Prima dell'avvento di questa disciplina, la regola era l'affido esclusivo, il quale limitava notevolmente la potestà del genitore non affidatario, riservandogliela solo per le decisioni di maggiore importanza e sempre di concerto con il genitore che la esercitava in maniera più ampia. 

Di fatto, era un unico genitore (solitamente la madre) a poter prendere quasi ogni decisione inerente il figlio.

Oggi, invece, la regola è quella contraria. Recita, infatti, l’art. 337 ter, III comma: “La responsabilità genitoriale è esercitata da entrambi i genitori. Le decisioni di maggiore interesse per i figli relative all'istruzione, all'educazione, alla salute e alla scelta della residenza abituale del minore sono assunte di comune accordo tenendo conto delle capacità, dell'inclinazione naturale e delle aspirazioni dei figli. In caso di disaccordo la decisione è rimessa al giudice. Limitatamente alle decisioni su questioni di ordinaria amministrazione, il giudice può stabilire che i genitori esercitino la responsabilità genitoriale separatamente”.

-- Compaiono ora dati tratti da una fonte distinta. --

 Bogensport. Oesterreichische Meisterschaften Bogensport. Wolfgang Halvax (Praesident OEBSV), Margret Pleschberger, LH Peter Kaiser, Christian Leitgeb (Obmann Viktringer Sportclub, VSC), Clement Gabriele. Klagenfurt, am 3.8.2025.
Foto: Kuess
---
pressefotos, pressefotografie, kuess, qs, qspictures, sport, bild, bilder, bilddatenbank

Entrambi i genitori, quindi, mantengono intatta la facoltà di esercitare la responsabilità genitoriale sul figlio e solo le piccole decisioni della vita quotidiana (cosiddette “di ordinaria amministrazione”) possono essere assunte da un genitore senza consultare l’altro, solitamente nei periodi in cui il minore vive con lui.

La regola dell’affido condiviso consente, quindi, la suddivisione equilibrata delle responsabilità dei genitori e la permanenza del figlio presso ciascun genitore. 

In questo senso, l'obiettivo dell'istituto è quello di creare una permanenza tendenzialmente paritaria dei figli presso ciascun genitore, tale da consentire una routine settimanale figlio-genitore che non faccia sentire la mancanza dell'altro, di coinvolgere direttamente e in modo equilibrato entrambi i genitori nella quotidianità del figlio e permettere a quest'ultimo di fare esperienza diretta di vita con ciascuno di essi. 

L'affido esclusivo ad un genitore, di cui alla normativa abrogata, rimane applicabile, in via eccezionale, soltanto per le ipotesi in cui il comportamento dell'altro genitore nei confronti del figlio sia contrario all'interesse del minore stesso (art. 337 quater c.c. – link).